Oleh Ansel Deri
PERISTIWA tragis Jalan Kalasan 10, Surabaya, Jawa Timur, Sabtu (17/8 2019) lalu menyulut amarah sebagian besar masyarakat baik di Papua maupun Papua Barat. Papua menjadi seksi di mata publik tanah air. Masyarakat tanah Melanesia itu seperti berselubung amarah. Merasa tersinggung karena harkat dan martabatnya direndahkan dengan sarkastis: anjing, babi atau monyet. Gelombang demonstrasi sejumlah elemen mahasiswa dan masyaraka terjadi sporadis tak hanya di beberapa kota di tanah Papua tapi kota-kota lain di Indonesia.
Peristiwa itu bermula sehari sebelum peringatan HUT ke-74 RI. Asrama mahasiswa Papua di Kalasan dikepung massa sejumlah ormas pada Jumat (16/8). Kehadiran massa tersebut ditengarai dilatari adanya penistaan simbol negara yang diduga dilakukan mahasiswa asal Papua. Akibatnya, asrama porak poranda akibat aksi massa menyusul baku hantam massa dengan mahasiswa.

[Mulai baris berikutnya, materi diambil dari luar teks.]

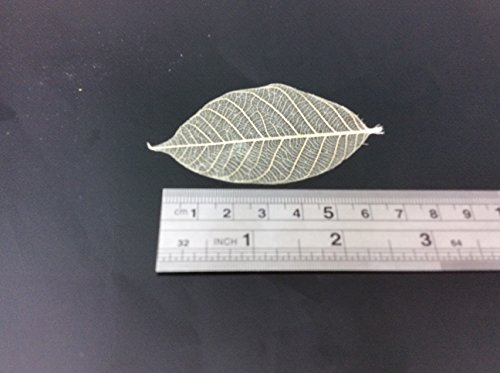 Skeleton Leaves 2.50 Inch 100 pcs Natural Rubber Leaves Special Size - Thumbnail 4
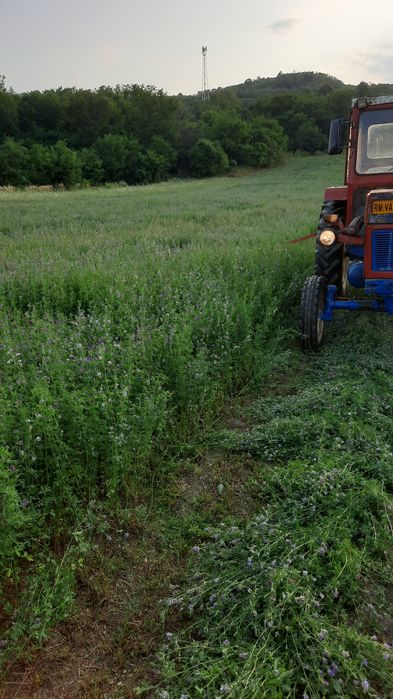‼️Baloti de lucerna și baloți de paie de grâu‼️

Lain Kalasan, lain Rajabali. Sejumlah mahasiswa yang terhimpun dalam Aliansi Mahasiswa Papua hendak menggelar aksi damai di Balai Kota Malang, Kamis (15/8). Aksi tersebut, demikian Wali Kota Sutiaji, mengecam penandatanganan New York Agreement antara Indonesia dan Belanda yang terjadi 15 Agustus 1962. Namun, aksi dihadang sekelompok warga di kawasan Rajabali yang berbuntut bentrok.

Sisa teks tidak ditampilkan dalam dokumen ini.